Working at Little Human Scholars, an International preschool and playschool in Petaling Jaya near University Hospital, Jaya 33 and Jaya One, I have seen a few students display similar behaviour as my younger sister. Instead of saying what they want, or at least trying to say what they want, they either point at what they want, cry or do both! Luckily, at our school and daycare centre, we have a system in place where we encourage the children to talk and communicate despite behaviour they have learned outside of the school system.
What Can We Do To Teach Our Child To Talk Early?

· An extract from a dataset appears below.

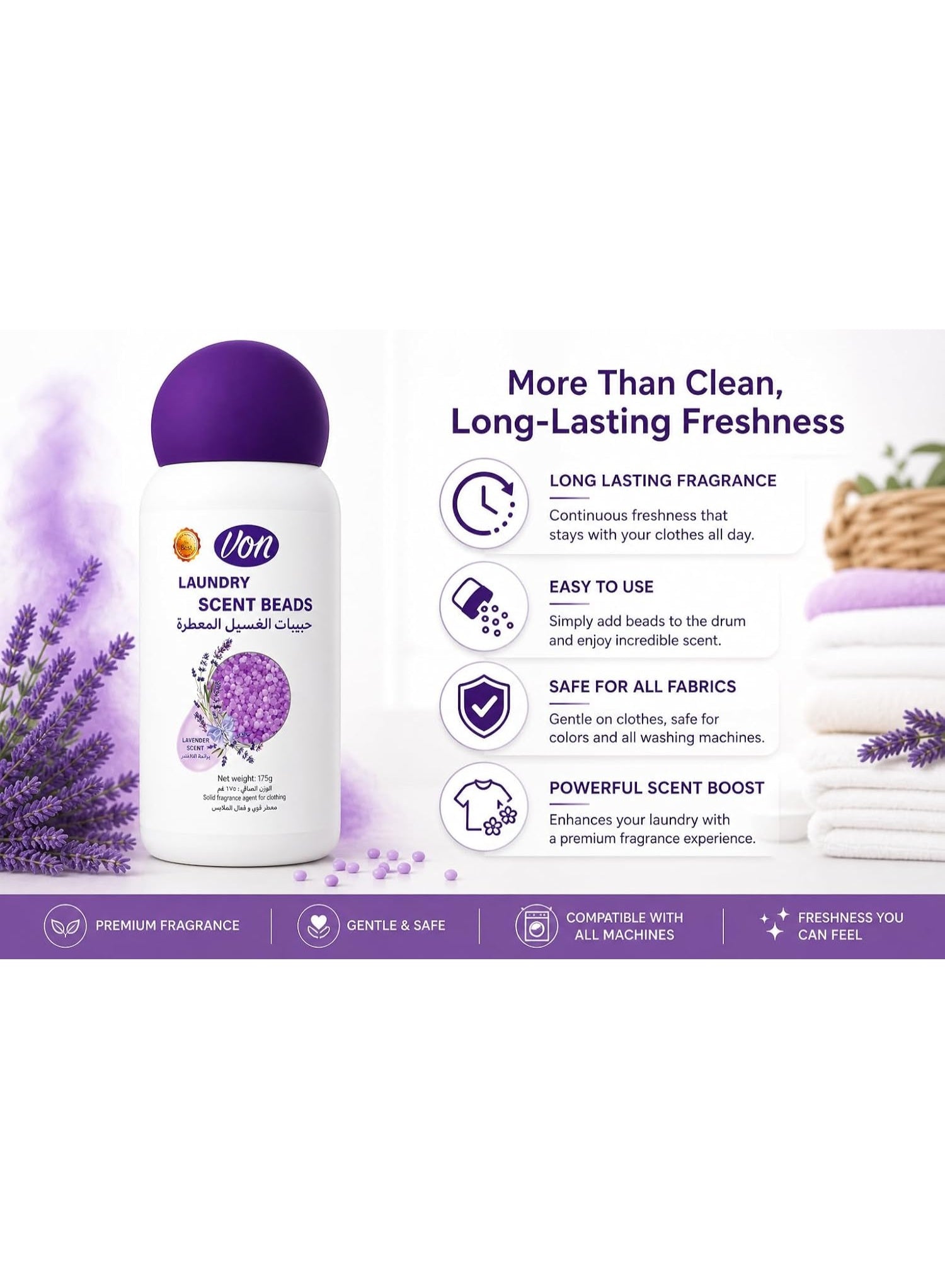 beads work, booster beads, brand von, cool dry, dry place, every load, every wash, feel clean, laundry 175g, lavender scent, lavender scent booster, note keep, scent booster, scent booster beads, von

I have a friend whose son could speak impeccably from a young age. When I asked him what he did to encourage such behaviour, he said that even though he knew what his son wanted every time he pointed to something or murmured a baby word, he would sit with his son a few extra minutes and say, “What do you want? Tell daddy what you want.” If his son would start crying after his father denied him something, his father would sit down and explain to him why he wasn’t allowed to have what he wanted. In short, despite his son’s age he spoke to his son as though the son understood what he was saying. After a minute his son would calm down and move onto other things. The only downside to this, if you would call it a downside, is that now his son has amazing cognitive and negotiation skills as an older boy; something the father wasn’t quite prepared for!
In short, there are three things listed above you can do to start teaching your child to talk early:
- Encourage them to speak properly from early on.
- Talk to them as though they understand you even if their vocabulary or comprehension doesn’t match yours.
- Take the extra time to work with them now so you can enjoy the fruits of your labours later on.
Additionally, the side effects of doing these three simple things are:
- Less tantrums (which makes for happier parents).
- Your child or children will speak earlier and more confidently.
- The ability to deny your child something in public with fewer upsets and “scenes.”
In summary, I have always believed that if a parent sets their child up for success early on by taking the extra time and initiative, they will enjoy the benefits of their actions later. It is normal for children to cry in order to get what they want, but unfortunately this isn’t necessarily how the world works. Think about it, if you cry to your boss about something it doesn’t guarantee that he or she will give it to you. In fact, making a scene in his or her office may have the complete opposite effect! If a parent trains their child in such a way that they are given anything they want whenever they cry, I feel that this action actually sets the child up for failure later on in life. They may be more inclined to have high expectations and may also have major emotional whiplash when things don’t always go their way. Additionally, they may also be less inclined to understand another person’s point of view when they are denied something they want which leaves less room for compassion, understanding and empathy. Bruce J. McIntosh, M.D. states in the journal Pediatrics, indicates that spoiled children are prone to temper tantrums, can be insensitive to the needs of others, and have trouble deferring gratification.
The good news is that it is never too late to start setting your child up for success, especially in terms of effective communication. Taking the extra time to sit and work with them through whatever communication blocks they have not only affects them in a positive way, but you as a parent as well.
Wishing you and your child success in all your endeavours!